Quand elle a créé les Nouvelles Oratrices, l'objectif de Fanny Dufour était de former les femmes à la prise de parole en public. Mais aussi de « montrer que les femmes sont présentes partout ».

Pari gagné pour la deuxième fois avec cette nouvelle édition à Rennes de Visibles.

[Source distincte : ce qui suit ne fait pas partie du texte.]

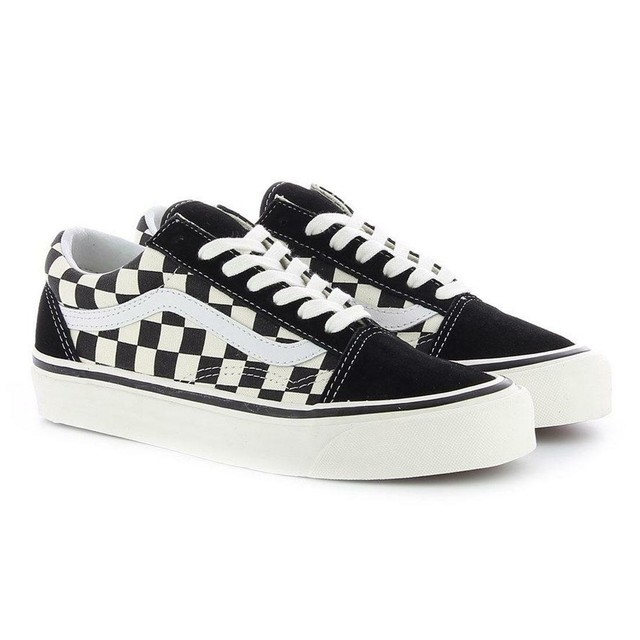 check lace up vans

La soirée du 6 avril dernier a permis à une quinzaine de femmes de « raconter et de se raconter » sur scène devant un public nombreux, participatif et... pas toujours féminin !

 

 

Groupe

 

Dans leur vie, il y a un avant et un après. Fanny Dufour dit d'elles, qu'elles « ont passé un cap, fait un pas de plus ». Elles s'appellent Karine, Aurélie, Claire, Aminata ou Yasmine... et souvent elles évoluent en toute discrétion. Ce sont des femmes invisibles qui l'espace d'une soirée ont eu l'audace de monter sur scène pour dire ce qui fait leur vie aujourd'hui. Sous le marrainage de Nolwenn Febvre, fondatrice des P'tits Doudous, l'association qui a changé sa vie, elles ont évoqué des parcours parfois difficiles, des obstacles toujours surmontés et des joies partagées.

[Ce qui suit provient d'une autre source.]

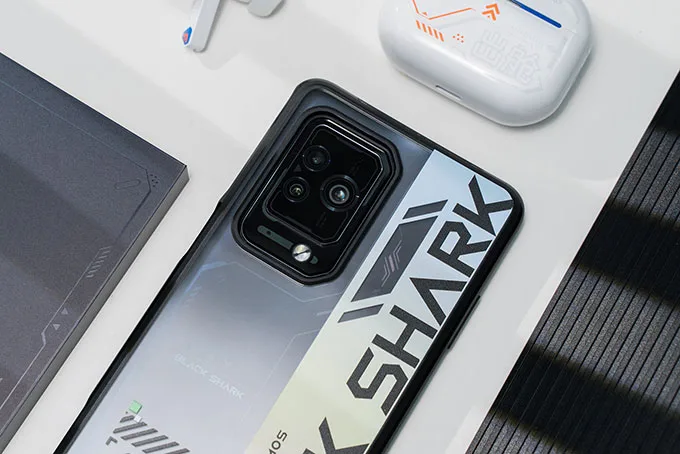 So sánh chi tiết Xiaomi 12 và Black Shark 5 thông số màn hình sau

Karine et Aurélie : « On ne propose pas des formations mais des déformations »

Les moins visibles sans doute de ces femmes représentent un secteur à 96% féminin, celui de l'aide à domicile. Karine Boisramé et Aurélie Nicolas, toutes deux cadres, y ont travaillé pendant dix ans avant de dire stop. « Entre les arrêts de travail, les recrutements, les licenciements, les conflits entre salarié.e.s, les bénéficiaires pas contents » elles évoquent « des souffrances à tous les étages ».

« Nous avions réussi notre vie professionnelle – disent-elles encore – mais à quel prix ? Celui de devenir maltraitantes avec les autres et avec nous-mêmes ! » Des constats que confirme Laetitia Cail, auxiliaire de vie, qui avoue : « il y a deux ans j'étais au bord de l'épuisement professionnel à cause du regard sur mon métier et de la dégradation de ma qualité de vie au travail ». Lorsque les premières décident de trouver des alternatives à un système qui ne marche plus, ce sont toutes les autres qui en tirent des bénéfices.

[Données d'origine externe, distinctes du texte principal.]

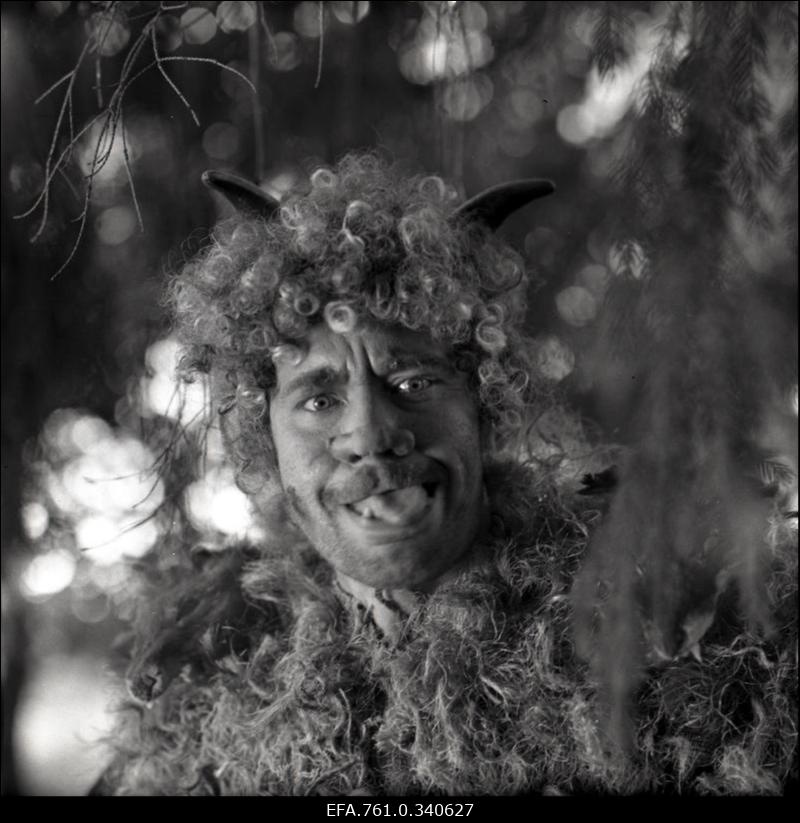 Stuudio "Tallinnfilm" muusikaline lastefilm "Nukitsamees". Mõh - Tõnu Kark.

Karine et Aurélie créent l'Atelier 48 à Nantes pour « garder ce qui est précieux » pour elles mais « remettre un peu d'air dans un secteur à bout de souffle ». Devenues membres du collectif l'Humain d'Abord, elles disent qu'elles ne proposent « pas des formations mais des déformations ». Apprendre à travailler autrement, remettre le pouvoir d'agir entre les mains des auxiliaires de vie, fonder un nouveau système où il n'y a « pas de chef, que des collègues ! » autant d'idées qui séduisent celles qui se les approprient.

Laetitia allait démissionner quand sa direction l'a convaincue de rencontrer le collectif. Aujourd'hui, elle témoigne : « j'ai retrouvé un équilibre dans ma vie personnelle et professionnelle ; je me sens coresponsable avec une envie folle d'aller de l'avant ! »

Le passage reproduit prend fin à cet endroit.